Встретившись в Одессе с философом-материалистом, написавшим огромный трактат в опровержение идеи бога и бессмертия души, Пушкин с обычной для него потребностью расширять свои познания начинает «брать уроки» у этого «умного афея». Вольнодумство Пушкина, основанное на традициях французского просвещения с его компромиссными моментами «деизма», могло получить теперь новое углубление от вольных лекций мыслителя-англичанина, вероятно развивавшего перед ним критическую доктрину своих великих соотечественников. Из этих живых философских диалогов Пушкин вынес впечатление «чистого афеизма», то есть абсолютного, безусловного безверия, освобожденного от всех смягчающих оговорок и нейтрализующих уступок.

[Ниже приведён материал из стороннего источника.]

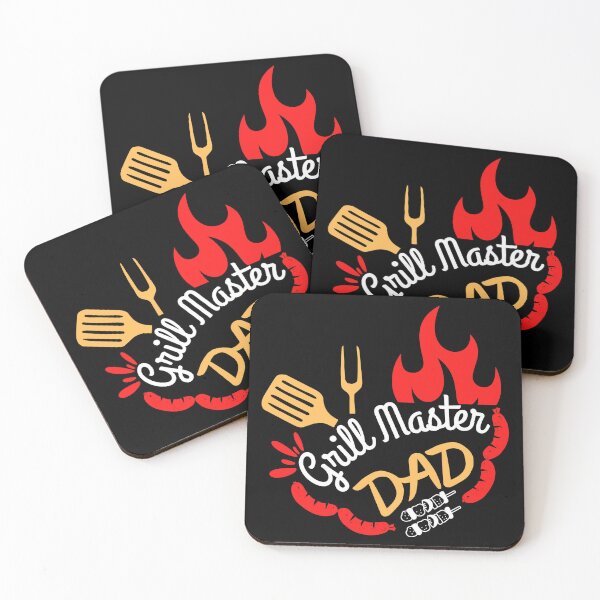 Item preview, Grill Master Dad designed and sold by FebsProjects.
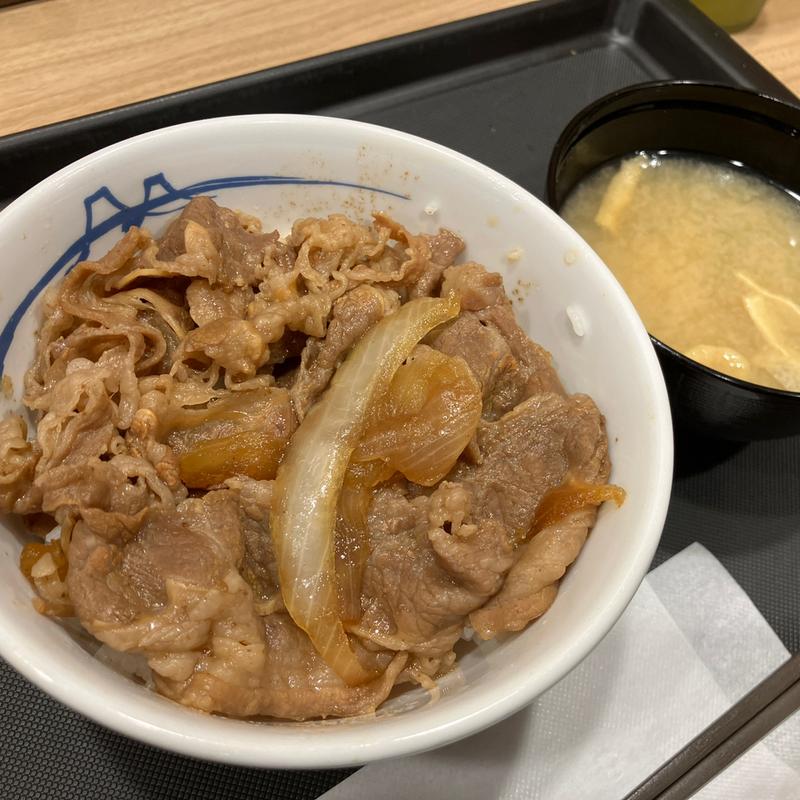 牛めし 並(松屋 小田急永山店 )
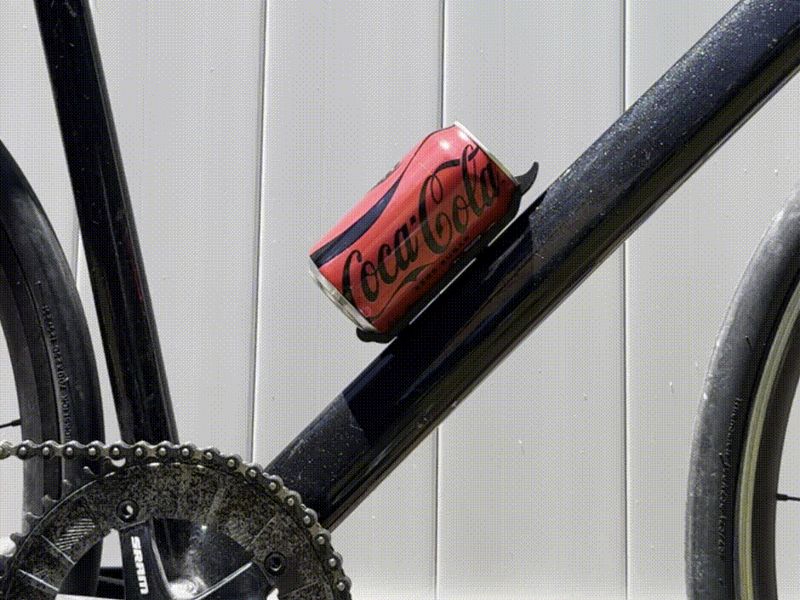 12 oz Can Bottle Cage Clip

За год пребывания Пушкина в Одессе произошел ряд крупнейших политических событий, резко видоизменивших картину революционной борьбы на Западе. Под давлением Александра I весною 1823 года французская армия заняла мятежный Мадрид. 7 ноября Риэго был казнен, а восстановленный в своих королевских правах Фердинанд VII открыл режим правительственного террора. Вмешательство Австрии в итальянские дела быстро привело к ликвидации революционного строя в Неаполе и Пьемонте. В России аракчеевский режим приводит к разгрому университетов и печати.

Глубокое разочарование охватило молодое поколение. Революция казалась всюду поверженной. «Новорожденная свобода, вдруг онемев, лишилась сил», — мог повторить Пушкин свои стихи 1821 года о подавлении народных вольностей военным абсолютизмом Бонапарта.

В таком настроении, «смотря на запад Европы и вокруг себя», считаясь с разгромом испанских инсургентов и укреплением диктатуры Аракчеева, поэт дает скептическую оценку современному этапу освободительного движения, неумолимо сжатого тисками Священного союза. Нисколько не изменяя своим революционным убеждениям и не сомневаясь в конечном торжестве демократии, Пушкин в своем стихотворении «Свободы сеятель пустынный» со всей трезвостью и зоркостью констатирует текущий безотрадный момент борьбы, ее временное затишье и связанный с этим упадок боевых сил и устремлений. В творчестве его выдвигается тема огромного масштаба и трагической остроты, которая впоследствии получит глубокое развитие — это тема «неравной борьбы» (по позднейшей формуле самого поэта).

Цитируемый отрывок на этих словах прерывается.